Unlike Scotland, Ireland or New England, few external burial grounds in England have produced monuments with mortality symbols in profusion. Where these do occur, many are carved on stones that have weathered so that the inscriptions are hard to read. The Potton cemetery in Bedfordshire is important as a graveyard where skilfully carved headstones with mortality symbols survive along with the inscriptions.

Potton church and graveyard

Approach

Although some of the early stones have been moved from their original positions, an archaeological approach can augment the work already undertaken by local history groups on the inscriptions and layout of the graveyard. Particular attention has been paid to the symbolism on the headstones and the stylistic details employed on these monuments.

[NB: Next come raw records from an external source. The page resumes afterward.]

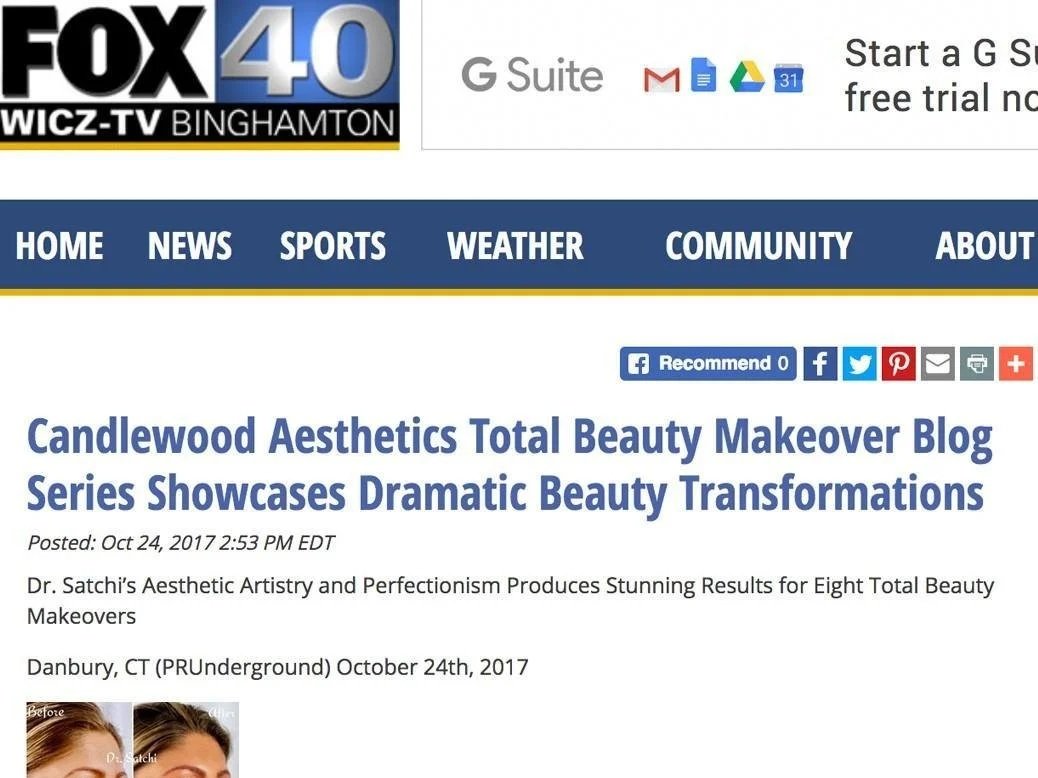 Screenshot of a news webpage from FOX 40 WICZ-TV Binghamton, titled 'Candlewood Aesthetics Total Beauty Makeover Blog Series Showcases Dramatic Beauty Transformations', featuring before and after photos of a woman's face showing a transformation.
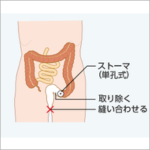 ストーマ造設を行う疾患と術式 :ストーマについての基礎知識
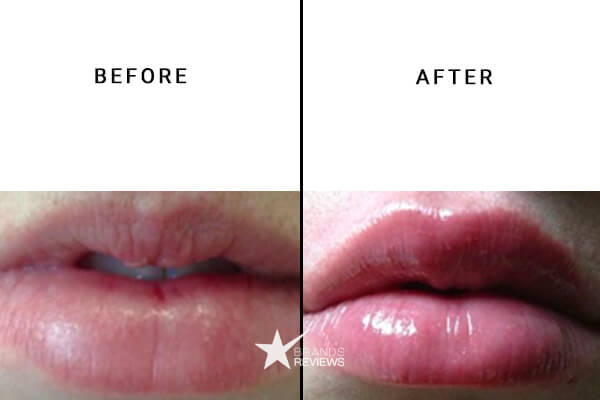 Social CBD Lip Balm Before and After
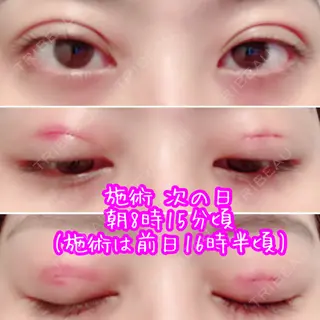 1日目の経過画像（1枚目）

Specific questions asked at Potton were:

  • What was the chronology of external memorial at Potton?
  • When did the use of mortality symbols begin and end, and why?
  • Which aspects of the deceased's identities were emphasised on the memorial?
  • To what extent can the death's head, cherub, urn and willow model of New England gravestone change be applied at Potton?

Fieldwork

Fieldwork took place during Summer 2005, concentrating on the earliest headstones in the area, and publication in the journal Church Archaeology. Further recording took place at Potton and data entry and analysis followed in 2006. Specific interpretations relating to this community will be drawn from the work, but the study also forms part of a larger research programme examining mortuary behaviour in the historic period, which has been approached on various geographical and temporal scales:

  • Yorkshire (where some mortality symbols are used on the earliest grave slabs)
  • Wales
  • Ireland (where there is a particular emphasis on mortality symbols in west Ulster).

Publications

  • H Mytum and K Chapman 2006 'The origin of the graveyard headstone: some 17th-century examples in Bedfordshire'. Church Archaeology 7-9, 67-78
  • H Mytum 2006 'Popular attitudes to memory, the body, and social identity: the rise of external commemoration in Britain, Ireland, and New England'. Post-medieval Archaeology 40,1, 96-110
  • H Mytum 2004 Mortuary Monuments and Burial Grounds of the Historic Period. Kluwer Academic/Plenum, New York.